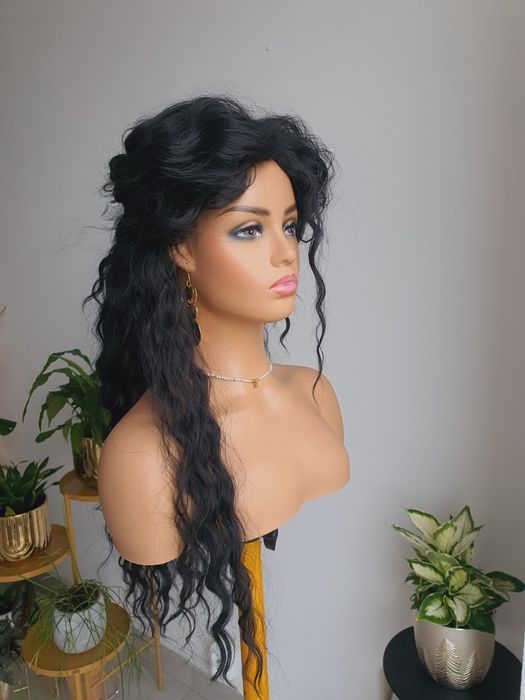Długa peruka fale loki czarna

• • • • •

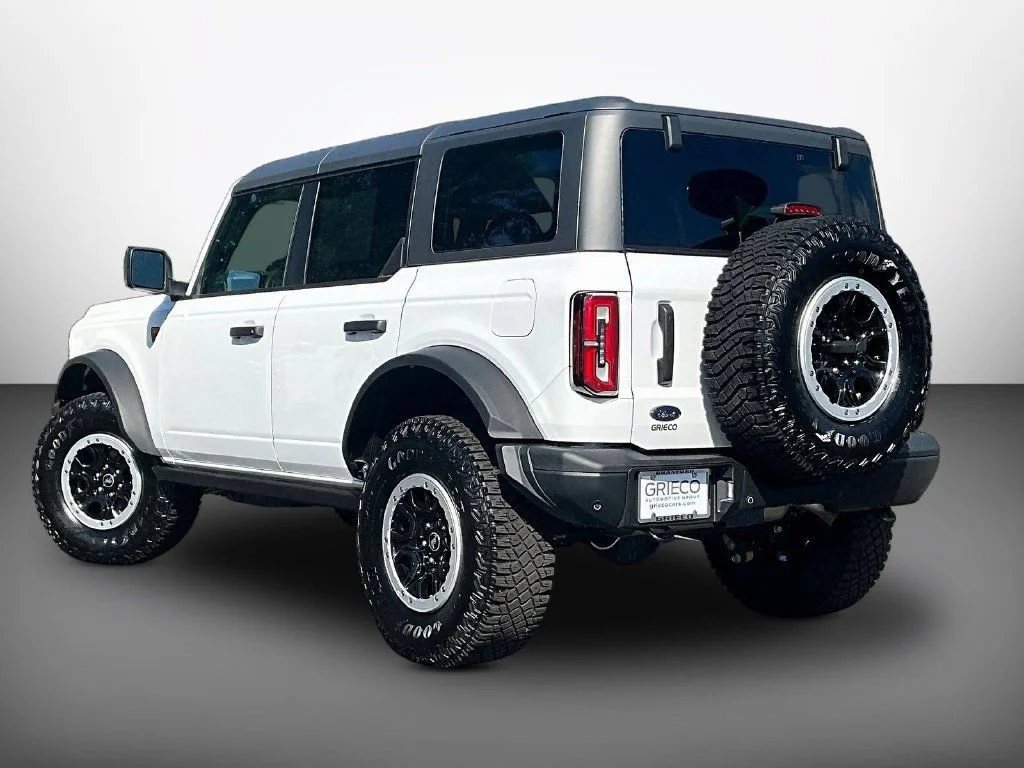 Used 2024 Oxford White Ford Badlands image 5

• • • • •

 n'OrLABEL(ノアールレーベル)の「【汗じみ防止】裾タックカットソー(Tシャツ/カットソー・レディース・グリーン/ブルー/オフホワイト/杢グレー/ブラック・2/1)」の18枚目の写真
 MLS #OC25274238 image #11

• • • • •

Copy out, exactly and alone, the lines of the entries above between the ones holding "n'OrLABEL(ノアール" and "MLS #OC25274238 image #11", inclusive.

[Written response]
 n'OrLABEL(ノアールレーベル)の「【汗じみ防止】裾タックカットソー(Tシャツ/カットソー・レディース・グリーン/ブルー/オフホワイト/杢グレー/ブラック・2/1)」の18枚目の写真
 MLS #OC25274238 image #11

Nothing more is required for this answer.